You must have been over-pampered being a dad’s girl

I won’t say I was over-pampered. They gave us comfort but they did not spare us as my father would say his children can dine with the  queen and also eat with the poor. And you can see that reflect in my behaviour- I can interact with anybody. I am approachable.

 What are the traits you took from both?

They were both extremely intelligent but my mum was very good with figures. With my dad, I believed I got his generosity and his courage to embrace everything. He taught us to serve wherever we find ourselves.

You have a penchant for being daring and you climbed to the summit of Mount Kilimanjaro.

I love the outdoors because you are not restricted as I hate being restricted. I like to explore nature. So, you find me doing that. Just before my 50th birthday, I wanted to do something adventurous. But, I wanted to do it to the benefit of others. So, the Royal College of Obstetricians and Gynecologists, which I am a fellow of, put up an expedition to Kilimanjaro. So, I signed up because we were raising money to help mothers in Africa. So, I went on that trip and I think I raised over 4,000 pounds and I gave it towards the advocacy.
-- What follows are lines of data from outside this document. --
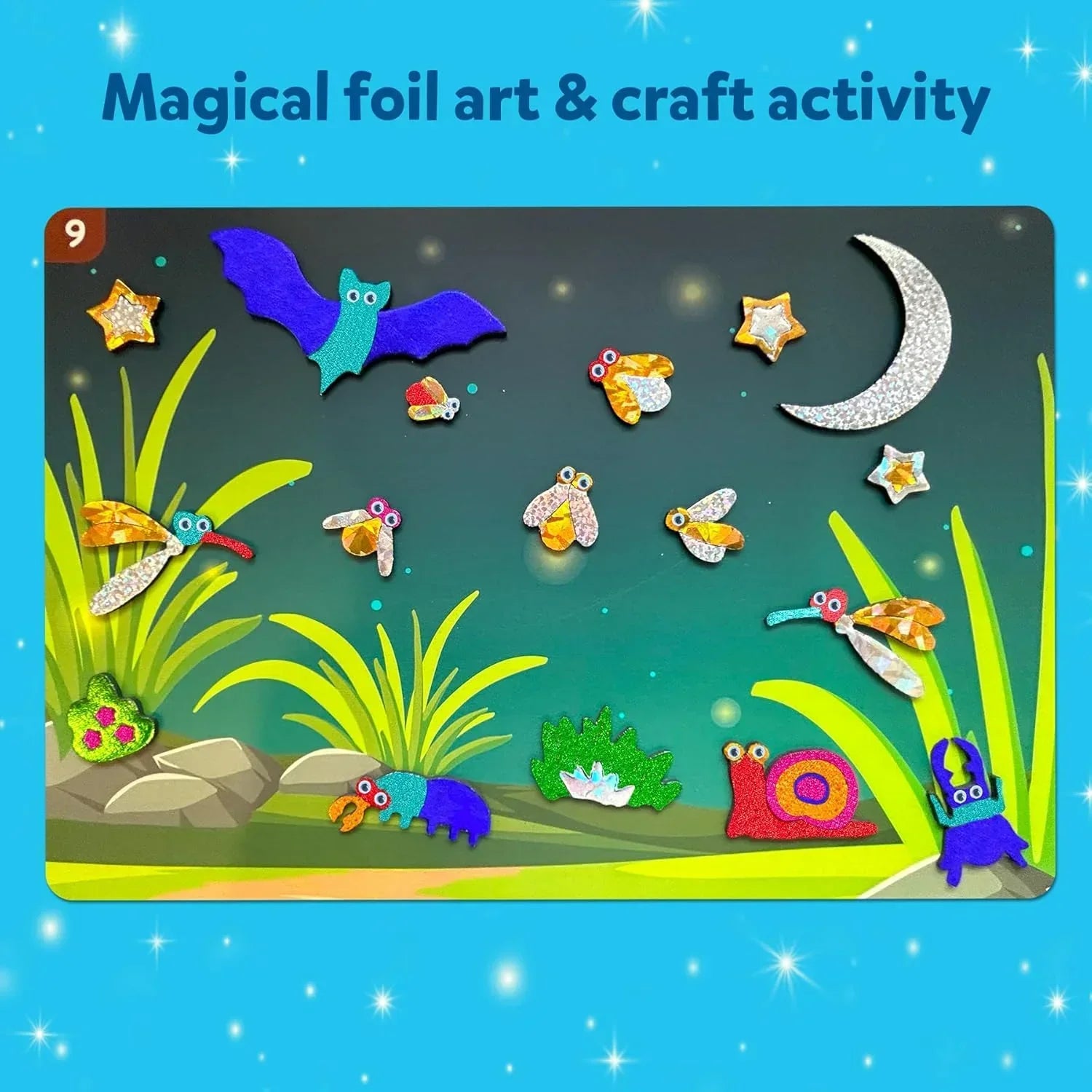 Skillmatics Art & Craft Activity - Foil Fun Bugs & Butterflies, No Mess Art for Kids, Craft Kits & Supplies, DIY Creative Activity, for Boys & Girls Ages 4, 5, 6, 7, 8, 9, Travel Toys - Jaiman Toys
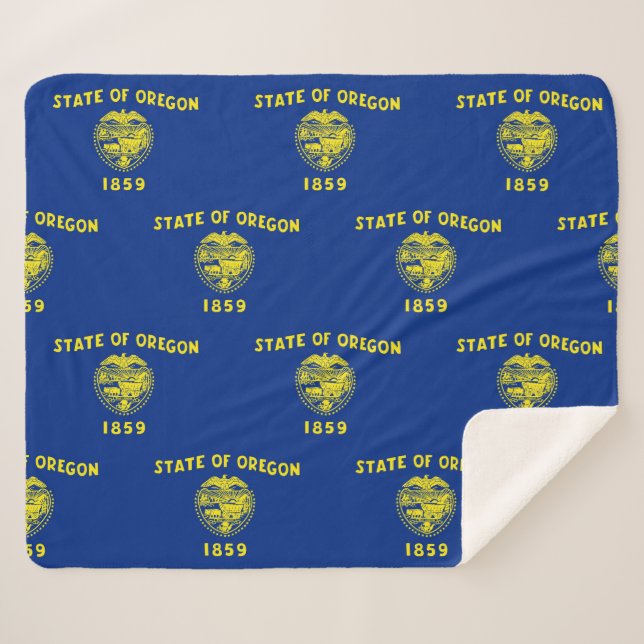 Patriotic Sherpa Blanket with Oregon flag (Front (Horizontal))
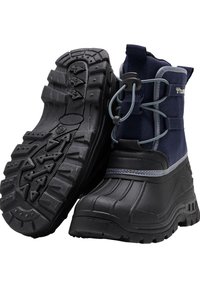 Marine sneeuwlaarzen met rubberen zolen, gestructureerde loopzolen en elastische veters. Voorzien van een gewatteerde kraag en een waterdichte bovenkant voor koude weersomstandigheden.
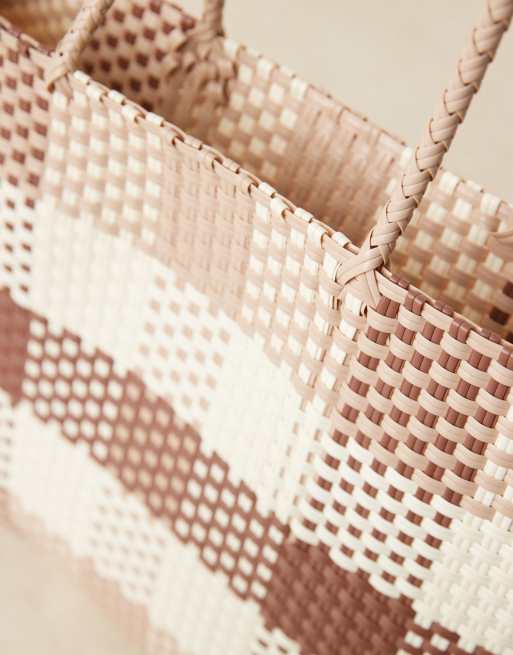 Bolso tote a cuadros estilo shopper con diseño entretejido de ASOS DESIGN, 3 de 4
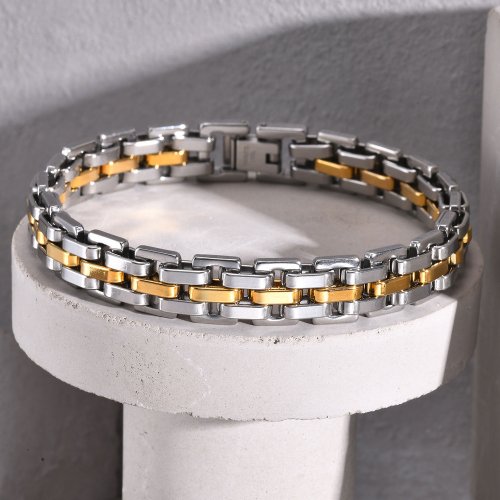 Immagine di Bracciale da Uomo in Acciaio Inossidabile a Maglie Spesse, Cinturino Maschile Fatto a Mano da 11 mm - Regalo Punk Elegante e Robusto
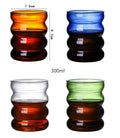 New Design High Borosilicate Heat Resistant Wave Shape Single-layer Colored Creative Glass Coffee Cups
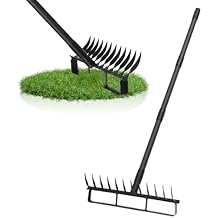 76.8" Garden Hoe and 12 Tines Rake 2-in-1 Garden Tool for Weeding, Garden Cultivator with Adjustable Long Handle Heavy Duty Weed Puller Stirrup Hoe for Ditching, Seeding, Loosening Soil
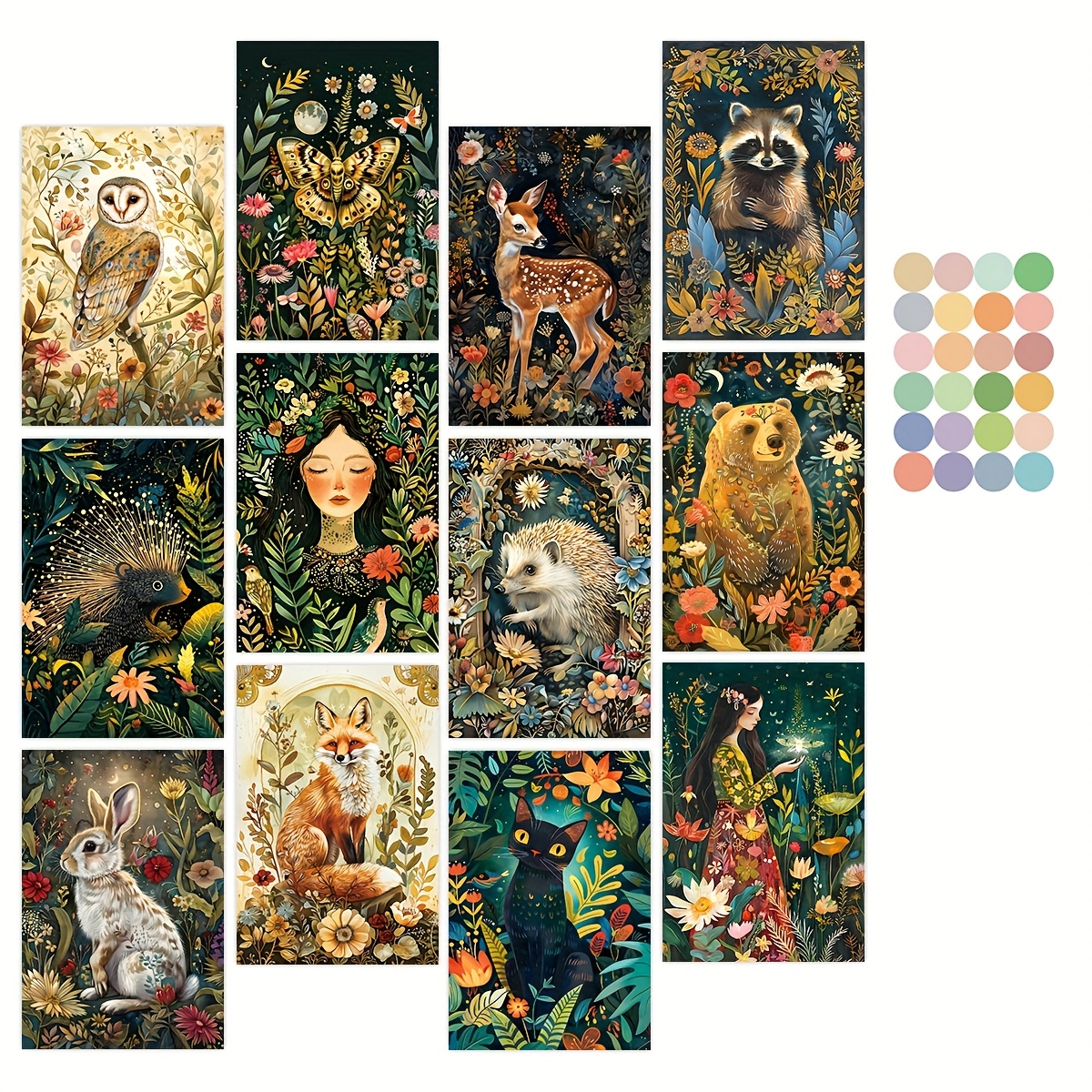 

12-pack Vintage Woodland Animal Postcards, Wall Collage, Botanical Prints, Unique Decor, Ideal For Valentine's Day, Easter, Birthdays, Anniversaries, Gifts, English Text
What is so special about Ogun State people?

Ogun people are very grounded, and exposed. No matter how high Ogun people go, they always remember their root. They are very courageous. So, if you are looking for the first professor of medicine, it is from Ogun State. The first woman to drive a car is from Ogun;  I feel there is that ability to express yourself unhindered and family values are held dearly in Ogun.

How do you cope as a commissioner, mother, and wife?

It is not as difficult as it is. And I have actually identified the big things and the little things. So, it is identifying what matters to you- what things are not negotiable and making them your priority. And then, delegating what other people can do for you that you don’t necessarily have to do.

Do you think more women should be given opportunities in leadership positions?

I think women have always had a different perspective to governance because of their innate nurturing gift. And if you look universally, nations led by women tend to be better particularly during  response to Covid-19. It was evident that nations that ended up curtailing and containing the  outbreak better were nations with female leaders. And I think Nigeria is doing well as it has started giving a lot more opportunities to women in leadership positions.